Così il primo Pastore arrivato in Italia fece piangere il burbero Zamparini. Stop, tunnel e assist per il compagno. Sipario dopo cinque minuti. In Sicilia Pastore si accende. Sul campo indimenticabile la tripletta segnata nel derby contro il Catania, fuori la serenità famigliare. Semplice come in campo, conquistando la sua futura moglie con un gelato.
Bastano pochi secondi per capire che la stoffa è quella del campione. Le carezze date al pallone, le traiettorie dei passaggi dove nessuno ha mai visto lo spazio. Innamorarsi di Pastore è facile.
Ci è cascato Cantona dicendo: “Amo Pastore. E' un giocatore che ogni volta che tocca palla ti sorprende”. E poi anche Maradona, suo allenatore nell’Argentina ai Mondiali del 2010: "È un maleducato del calcio. Tocca la palla come se avesse giocato 4-5 Mondiali”.
Poi però la luce a volte si spegne quasi per prendere fiato. Dopo la prima stagione a Parigi con tredici gol, mai più in doppia cifra. Forse la presenza ingombrante di Ibrahimovic o le luci della Tour Eiffel troppo luminose per far risaltare anche le sue giocate. Un corpo magro, el flaco, che spesso si è dovuto fermare per gli infortuni. Il suo apporto alla causa del PSG però c’è sempre stato: ha partecipato a 107 goal della squadra parigina (45 gol e 62 assist) in 269 partite giocate.

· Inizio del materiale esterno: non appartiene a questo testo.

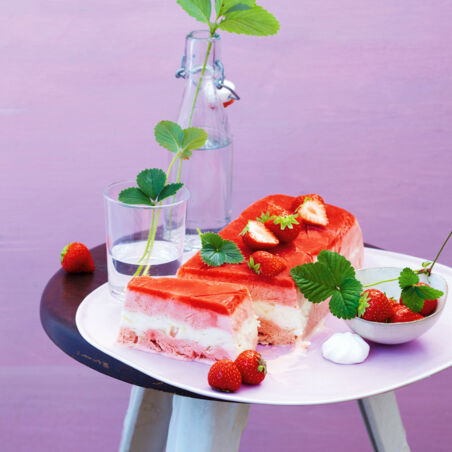 Erdbeerparfait mit Baiserbröseln Erdbeerparfait mit Baiserbröseln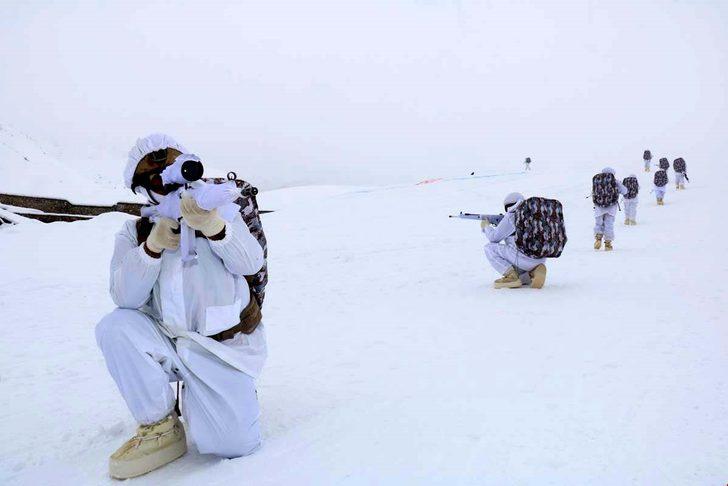 Muş'ta terör operasyonu: 48 sığınak imha edildi G3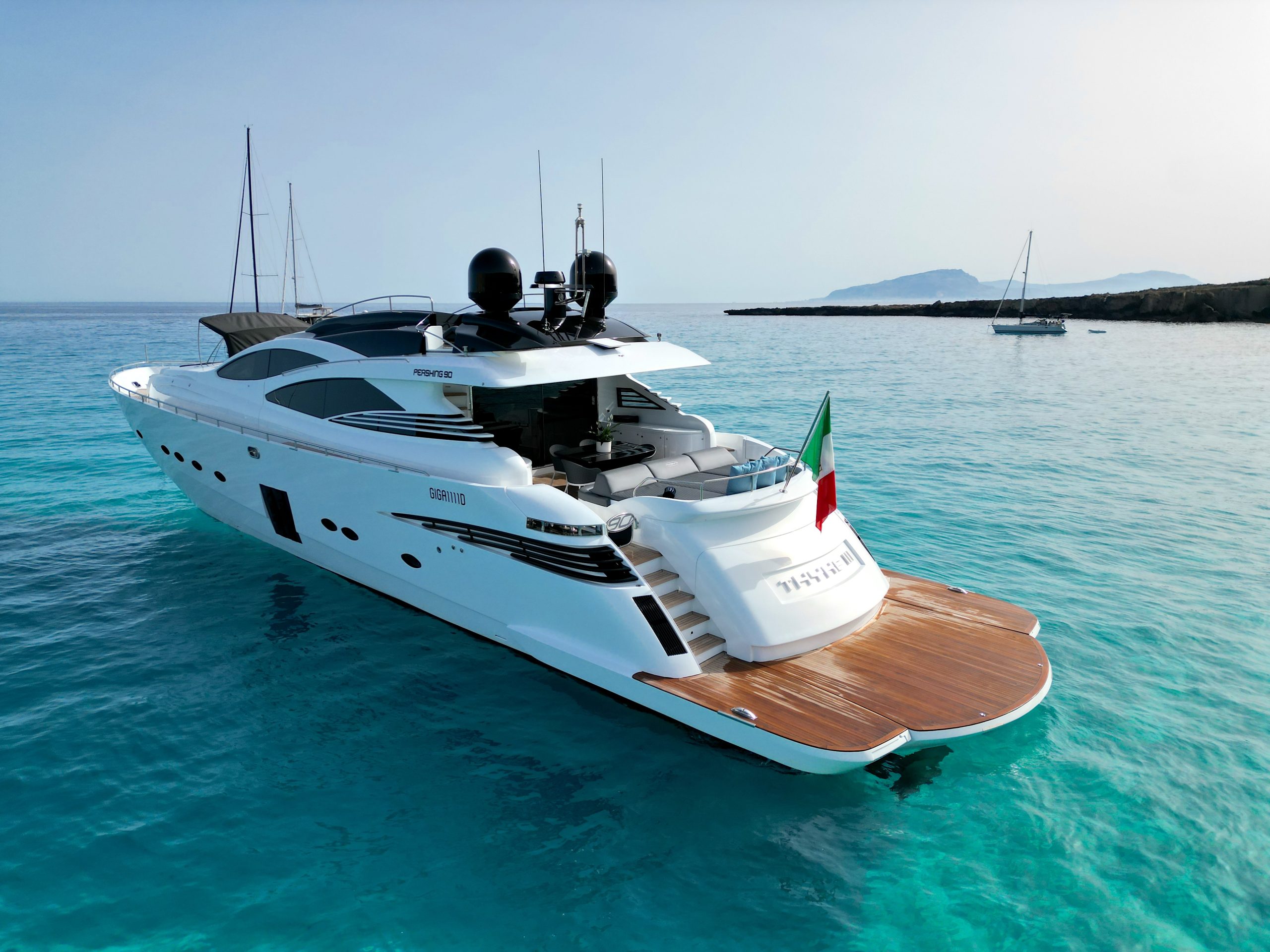 Yacht exterior image
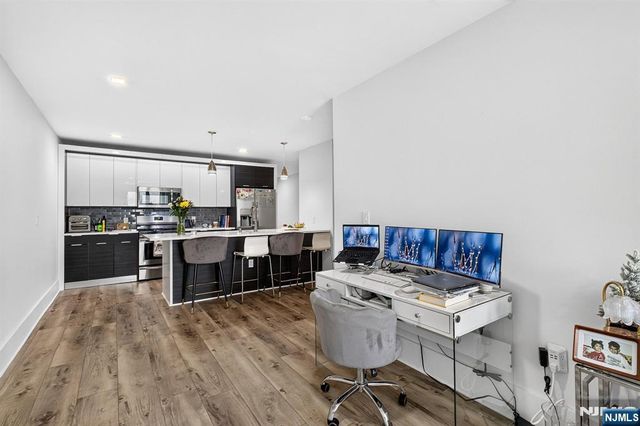 62 69th Street 203, Guttenberg, NJ 07093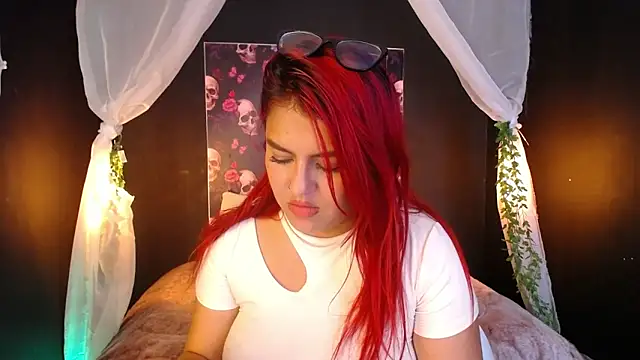 Snapshot of _poison_sweet chatting on December 26, 9:15 pm poison sweet online show from December 26, 9:15 pm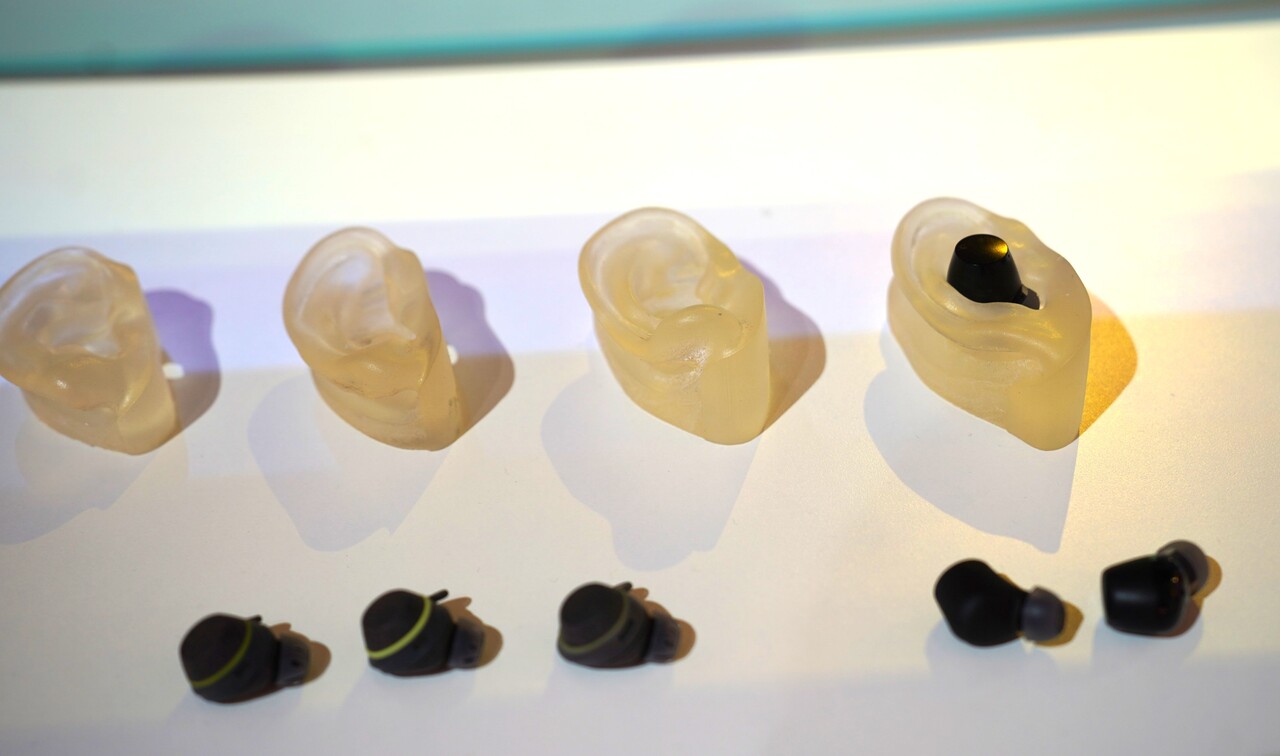 LG전자가 지난 1월 출시한 'LG 엑스붐 버즈' 제작을 위해 만든 모형. 귀 모형과 시제품이 전시돼 있다. [사진=김민우 기자]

A Di Francesco il compito di riaccendere la luce. Nelle quattordici partite che ha giocato quest’anno Emery lo ha usato da attaccante esterno (6 volte), due da trequartista e 6 nel centrocampo del 433. Non sarà il sostituto di Nainggolan per fisicità, colpi e temperamento. Sarà bellezza sfuggente.